June 29, 2009
By EVA-MARIE AYALA
Another small earthquake hit Cleburne late Friday night, and a city spokesman said it could be helpful to geologists trying to determine whether natural gas drilling is causing the seismic activity.
The quake was the sixth minor tremor to hit the city this month. A group of researchers from Southern Methodist University recently put four seismographs in the ground to measure the depth of the activity, said city spokesman Charles Hodges.
Hodges said city officials had worried that they wouldn’t be able to gather evidence from a live quake, making it impossible to find a cause. He likened the situation to a mechanic who can’t hear the clanging sound that a driver hears in his car.
"Well, our mechanics heard it," he said Saturday. "That’s a good thing. Now we will know how deep these go, how it’s affecting the earth beneath the city."

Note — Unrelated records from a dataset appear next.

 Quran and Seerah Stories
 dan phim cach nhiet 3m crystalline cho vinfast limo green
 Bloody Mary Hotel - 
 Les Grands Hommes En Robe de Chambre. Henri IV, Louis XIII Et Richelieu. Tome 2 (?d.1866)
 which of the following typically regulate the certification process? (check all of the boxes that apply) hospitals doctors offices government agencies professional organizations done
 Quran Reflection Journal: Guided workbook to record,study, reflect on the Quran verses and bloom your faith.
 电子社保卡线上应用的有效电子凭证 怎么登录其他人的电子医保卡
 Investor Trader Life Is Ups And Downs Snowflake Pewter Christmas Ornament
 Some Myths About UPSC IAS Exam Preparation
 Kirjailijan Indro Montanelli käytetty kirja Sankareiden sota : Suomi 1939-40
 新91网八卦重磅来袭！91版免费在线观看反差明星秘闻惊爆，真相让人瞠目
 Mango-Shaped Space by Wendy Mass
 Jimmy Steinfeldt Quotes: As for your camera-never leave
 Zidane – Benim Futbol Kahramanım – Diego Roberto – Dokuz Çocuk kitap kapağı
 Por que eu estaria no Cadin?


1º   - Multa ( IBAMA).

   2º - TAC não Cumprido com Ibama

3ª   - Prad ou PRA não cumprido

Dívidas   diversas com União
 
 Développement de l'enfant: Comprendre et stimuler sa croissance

He said officials also would be able to tell whether any utility lines — such as gas, water or electrical — are being affected.
"The biggest question we have is: Is there any reason that this could be caused by natural gas drilling?" he said.
More than 200 wells have been permitted in the city as part of the Barnett Shale drilling boom in recent years. Geologists have said it’s possible that gas drilling could cause minor quakes, but it can be difficult to prove.
Chris Hayward, director of SMU’s geophysics research program, has said figuring out at what depth the quakes are occurring will help answer some questions.
"If the quakes are happening much deeper than the drilling, then we can probably rule it out," Hayward told the Star-Telegram earlier this month. "If the quakes are happening at the same depth or a shallower depth than the drilling, then we can’t rule out drilling as a possible cause."
The tremors began on June 2, when there were five within a week. Friday’s occurred around 10:30 p.m. and registered a 2.2 magnitude. There has been no damage reported from any of them.
The city was to hire a geologist to study the activity but then officials were contacted by the SMU researchers, Hodges said.